## Problem statement:
All records below must be written out exactly, with the pictures excluded.

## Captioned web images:

══════════

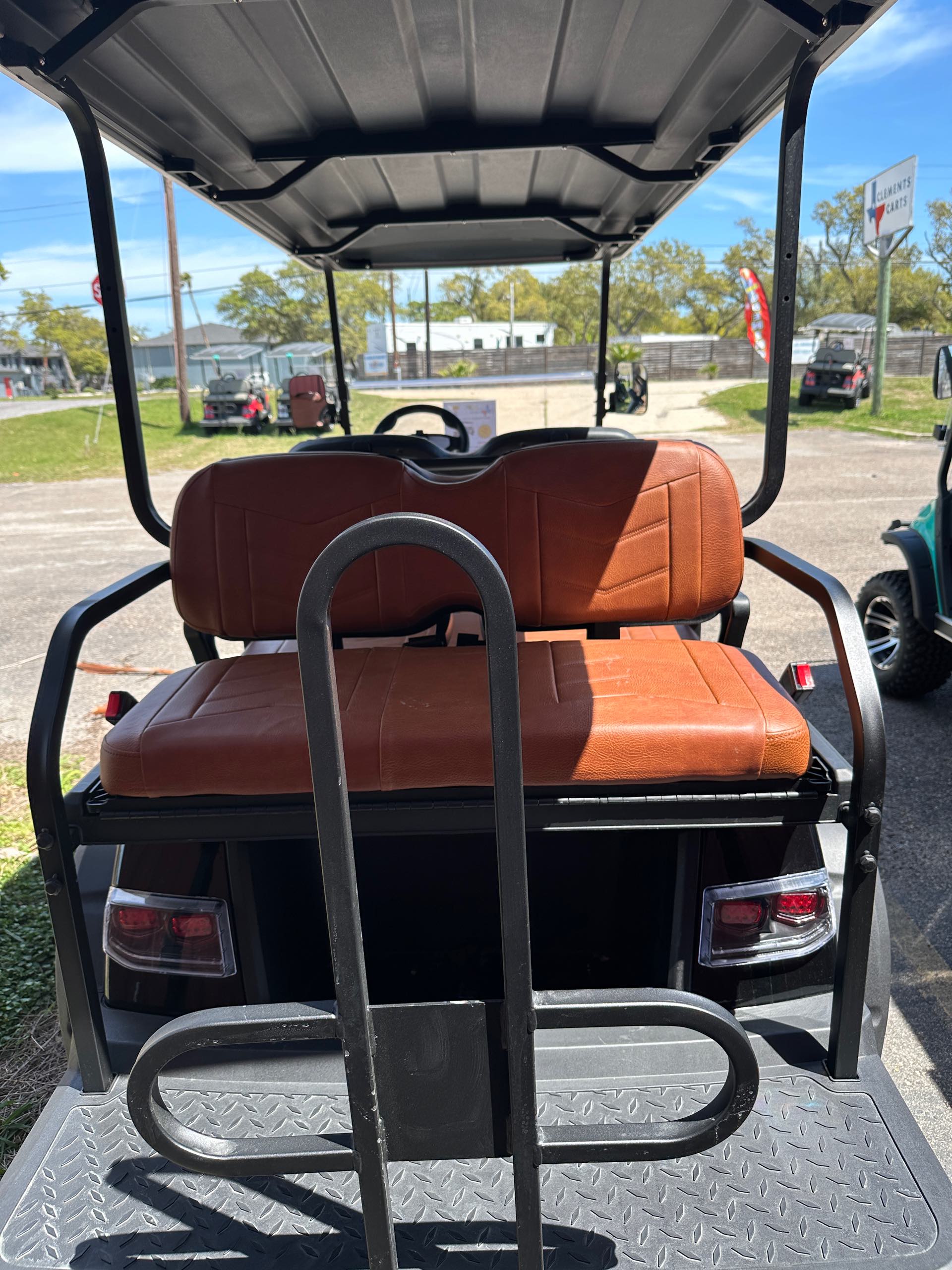 2024 Advanced EV Advent 6L at Clements Carts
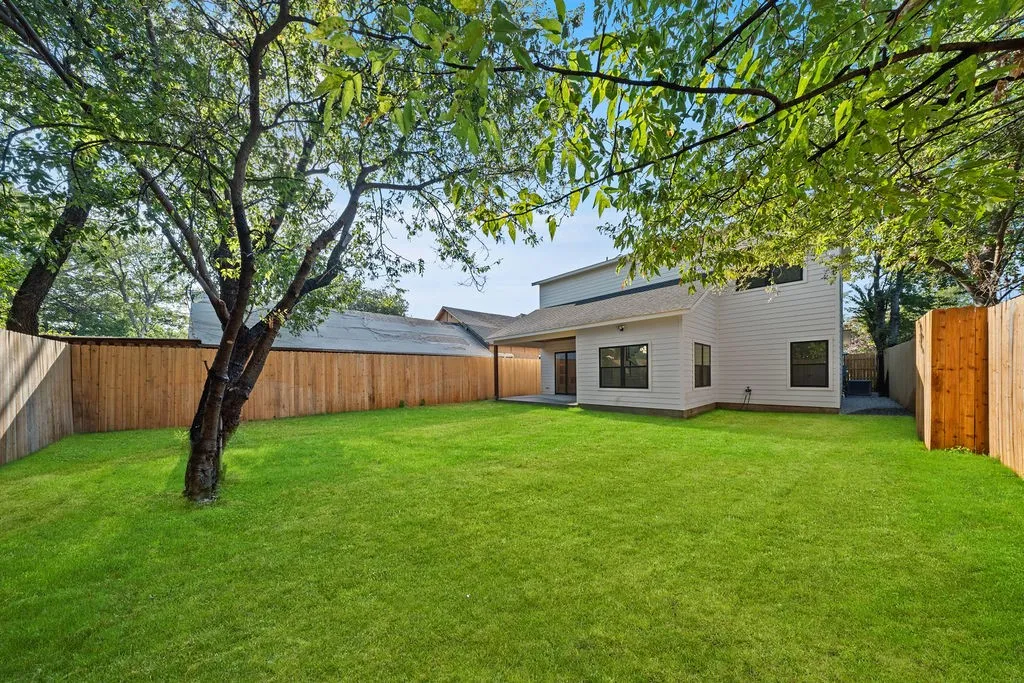Single Family Residence For Sale in Dallas County , 1727 Toronto Street, Dallas, Texas 75212, 5 Bedroom, 5 Bathroom, 2 Garage spaces, 3,302 Sqft, built in 2026, mls#21407936, Real Estate Agent in Dallas, Homes For Sale in Dallas county, Homes For Sale in Dallas, Realtor in Dallas Texas, Real Estate Brokerage Independent Realty Texas, Luminita Cordes Realtor
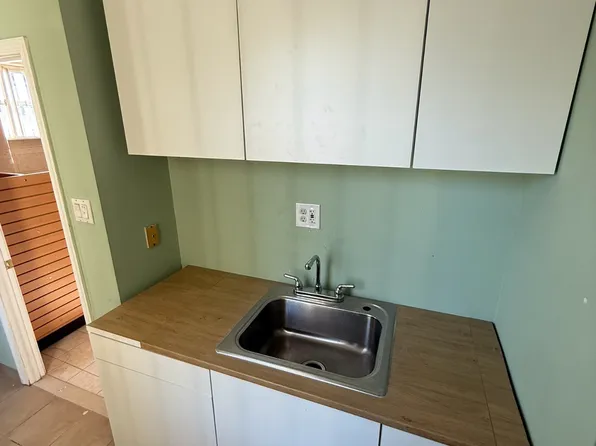 2334 E York St, Philadelphia, PA 19125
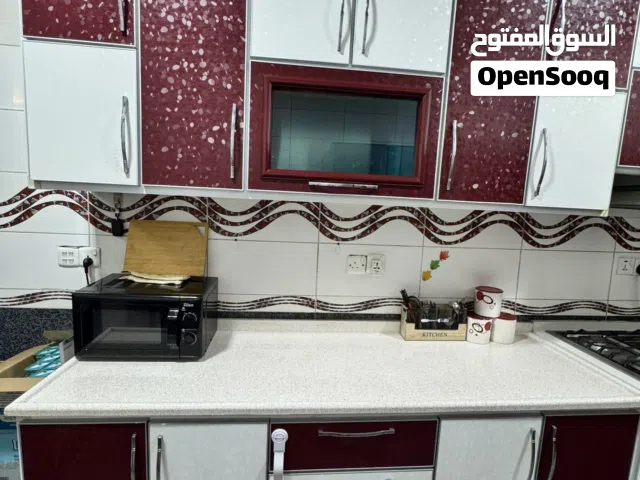 كاونتر مستعمل نظيف جداً مابي اي عيوب الخارجhdf والداخل المنيوم والسطح مرمر صناعي السعر بي مجال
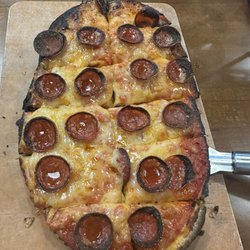 AZ Wine Wagon - Vegan Pizza at Cove Mesa (it tastes delicious and you can't tell it's vegan)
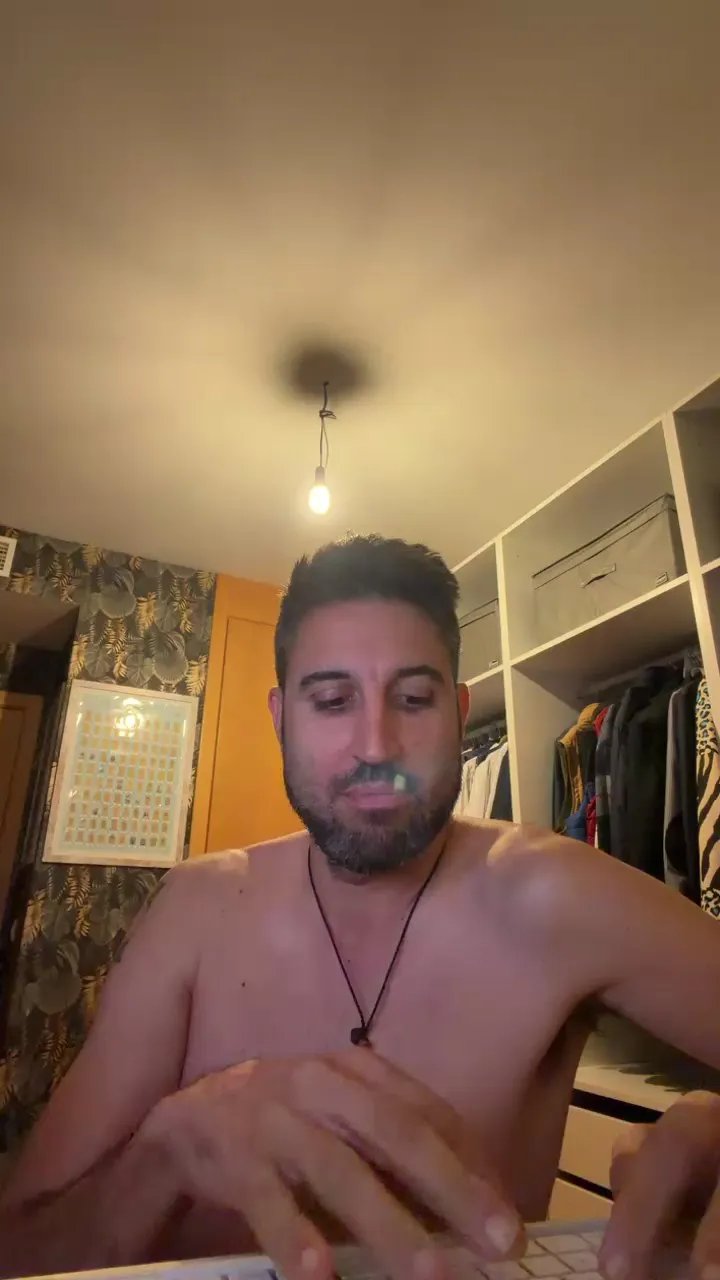 Offline Chicodulce34 on Cam4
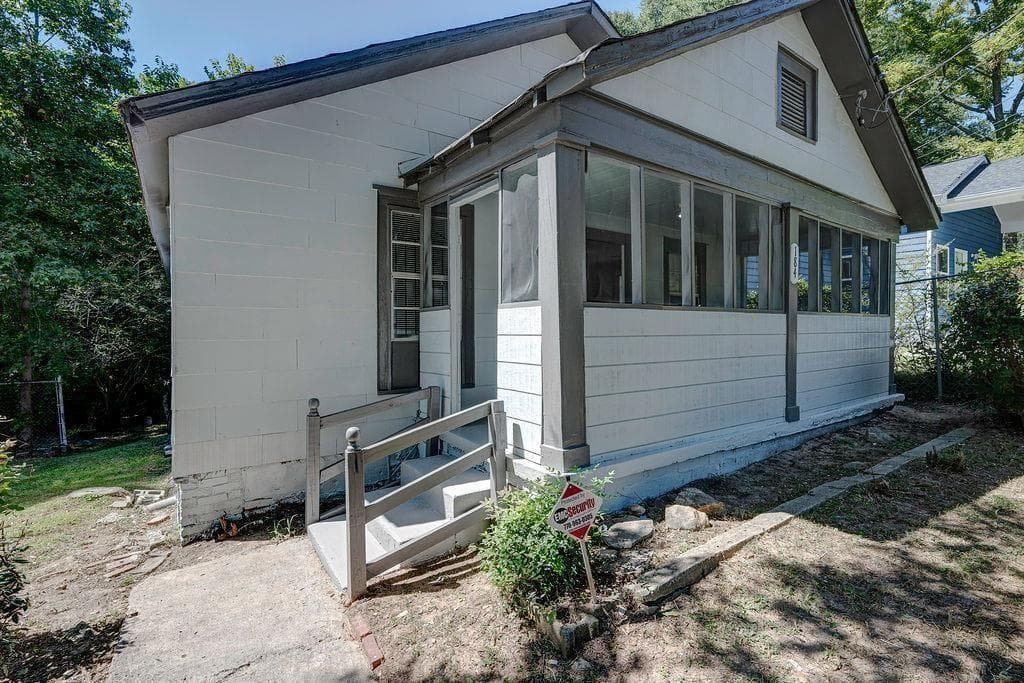 2 bedroom, 1 bathroom, 962 sq ft single family residence for sale at 184 Dahlia Avenue, Atlanta, GA 30314 — photo 4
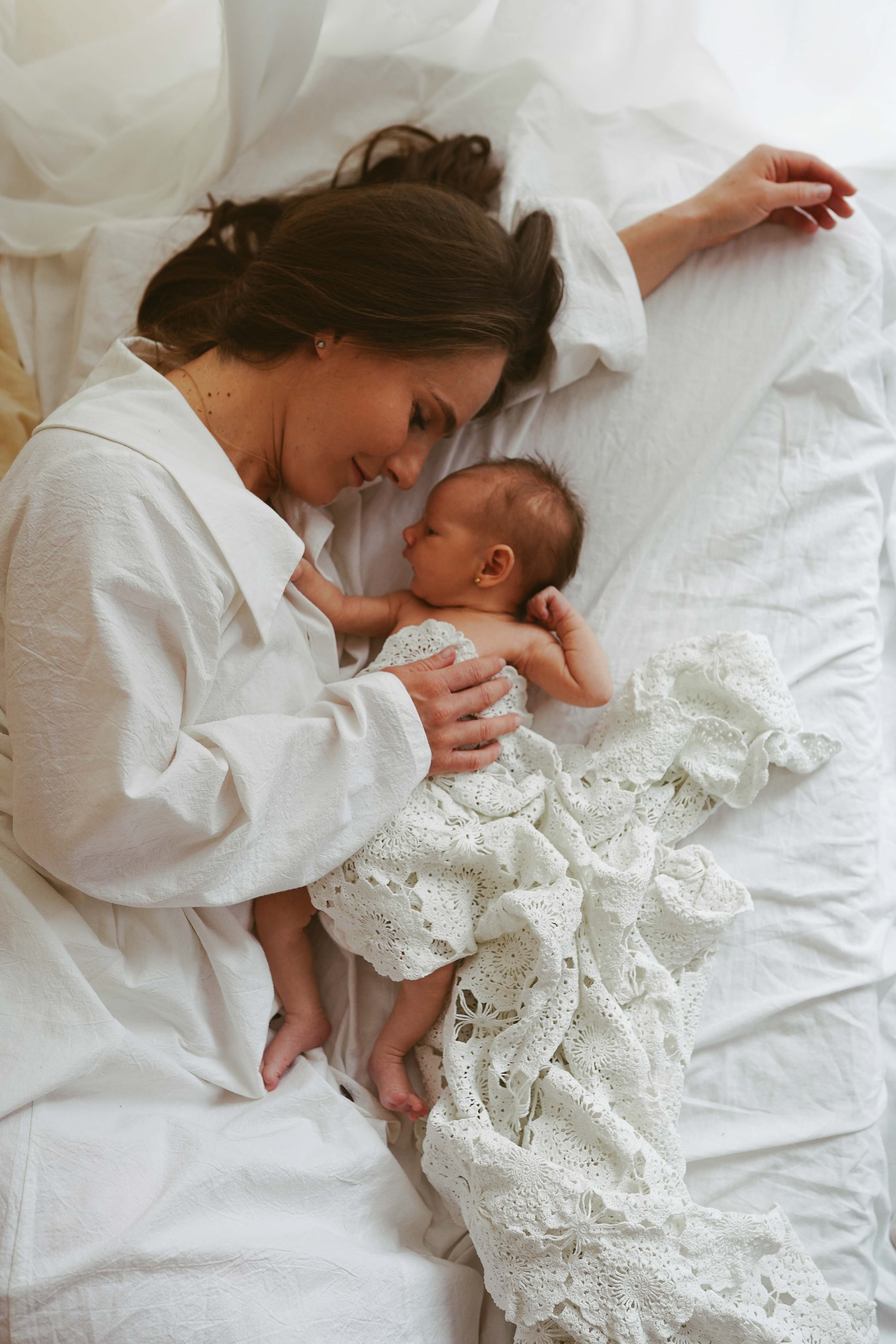 Inspira sesiune foto nou-nascut. Madalina Beda- Artist vizual, fotograf, doula la nastere, consultant babywearing Brasov si in toata tara
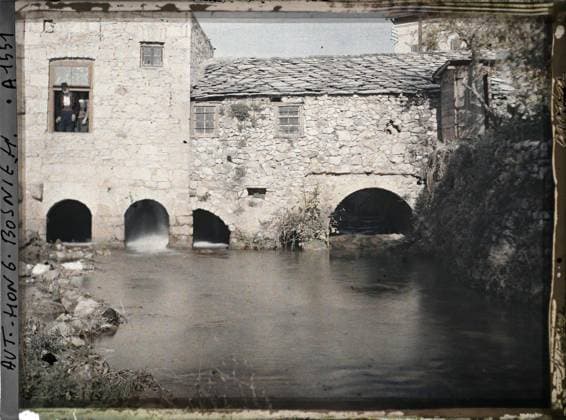 RECORD DATE NOT STATED Mostar, Bosnia and Herzegovina Moulin de Pierre , 1912 - Balkans, Italy - Jean Brunhes and Auguste LÃ on - (October 13 - 27) (French - ï»¿Mostar , Bosnie-HerzÃ govine Moulin de pierre). River, mill, civil engineering, hydraulic installation, man, Habitat , architecture, human beings, Bosnia, Mostar, a stone mill Copyright: xpiemagsx AKahnlpie020223-6383 !ACHTUNG AUFNAHMEDATUM GESCHÄTZT!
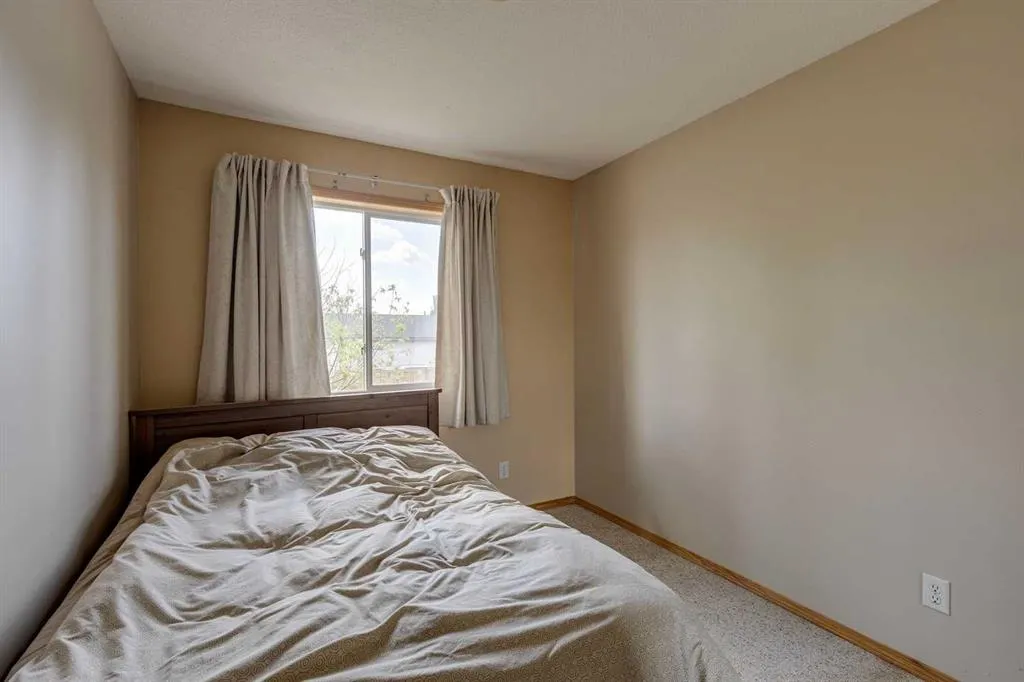 1656 Strathcona Gate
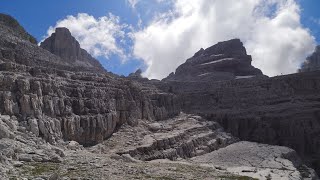 Sentiero Dallagiacoma, dolomiti del Brenta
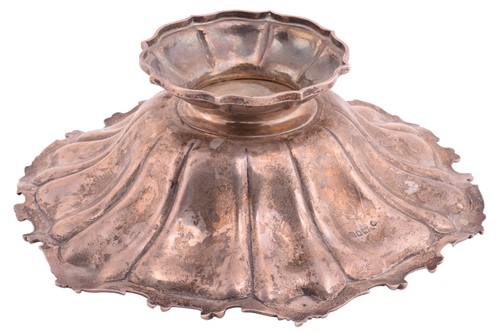Lot 533 - A large silver fruit bowl by Edward Barnard &...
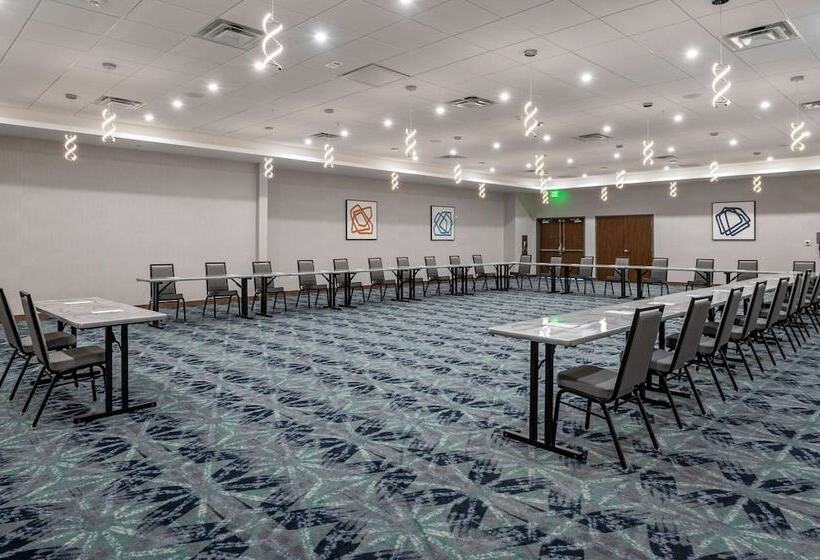 Cambria Hotel Nashville Airport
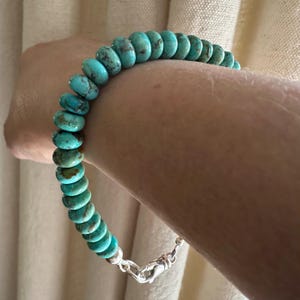 Kingman Turquoise Beaded Bracelet: Sterling Silver Clasp, 8mm Rondelle Gemstone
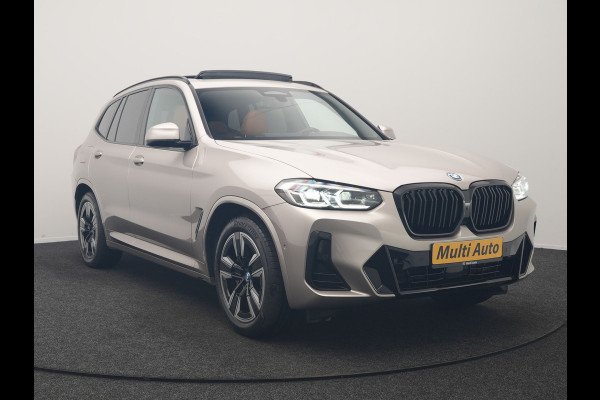 BMW iX3 M Sport 80 kWh 286pk Dealer O.H | Panodak | Adaptive Cruise | Camera | Lederen Sportstoelen Memory & Verwarmd | Sfeerverlichting | Blis | Apple Carplay | Navigatie | DAB | 19"L.M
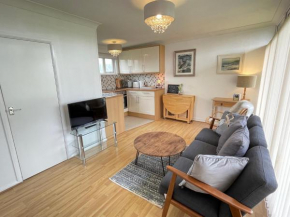 Broadside Holiday Chalet near Broads & Beaches-Pets go free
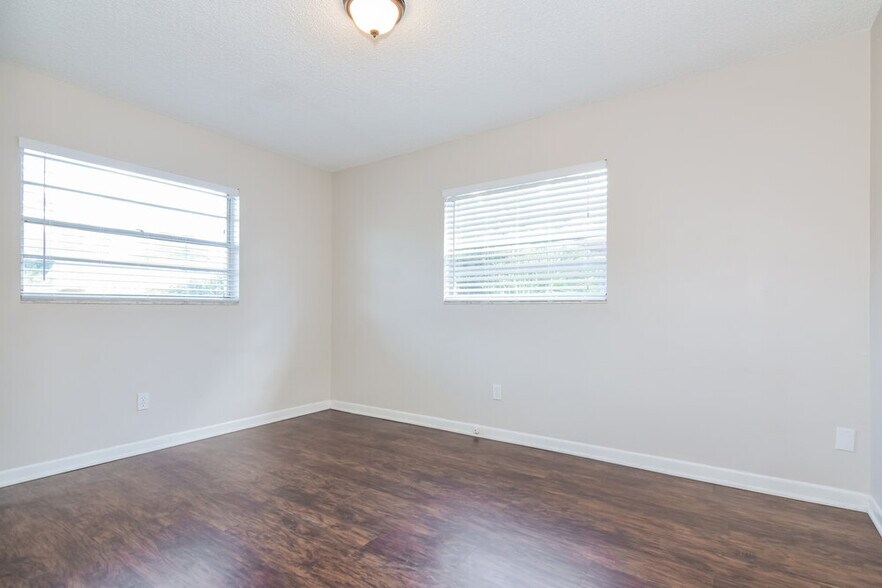 Building Photo - 110 7th Jpv St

══════════

## Answer space:
 2024 Advanced EV Advent 6L at Clements Carts
Single Family Residence For Sale in Dallas County , 1727 Toronto Street, Dallas, Texas 75212, 5 Bedroom, 5 Bathroom, 2 Garage spaces, 3,302 Sqft, built in 2026, mls#21407936, Real Estate Agent in Dallas, Homes For Sale in Dallas county, Homes For Sale in Dallas, Realtor in Dallas Texas, Real Estate Brokerage Independent Realty Texas, Luminita Cordes Realtor
 2334 E York St, Philadelphia, PA 19125
 كاونتر مستعمل نظيف جداً مابي اي عيوب الخارجhdf والداخل المنيوم والسطح مرمر صناعي السعر بي مجال
 AZ Wine Wagon - Vegan Pizza at Cove Mesa (it tastes delicious and you can't tell it's vegan)
 Offline Chicodulce34 on Cam4
 2 bedroom, 1 bathroom, 962 sq ft single family residence for sale at 184 Dahlia Avenue, Atlanta, GA 30314 — photo 4
 Inspira sesiune foto nou-nascut. Madalina Beda- Artist vizual, fotograf, doula la nastere, consultant babywearing Brasov si in toata tara
 RECORD DATE NOT STATED Mostar, Bosnia and Herzegovina Moulin de Pierre , 1912 - Balkans, Italy - Jean Brunhes and Auguste LÃ on - (October 13 - 27) (French - ï»¿Mostar , Bosnie-HerzÃ govine Moulin de pierre). River, mill, civil engineering, hydraulic installation, man, Habitat , architecture, human beings, Bosnia, Mostar, a stone mill Copyright: xpiemagsx AKahnlpie020223-6383 !ACHTUNG AUFNAHMEDATUM GESCHÄTZT!
 1656 Strathcona Gate
 Sentiero Dallagiacoma, dolomiti del Brenta
Lot 533 - A large silver fruit bowl by Edward Barnard &...
 Cambria Hotel Nashville Airport
 Kingman Turquoise Beaded Bracelet: Sterling Silver Clasp, 8mm Rondelle Gemstone
 BMW iX3 M Sport 80 kWh 286pk Dealer O.H | Panodak | Adaptive Cruise | Camera | Lederen Sportstoelen Memory & Verwarmd | Sfeerverlichting | Blis | Apple Carplay | Navigatie | DAB | 19"L.M
 Broadside Holiday Chalet near Broads & Beaches-Pets go free
 Building Photo - 110 7th Jpv St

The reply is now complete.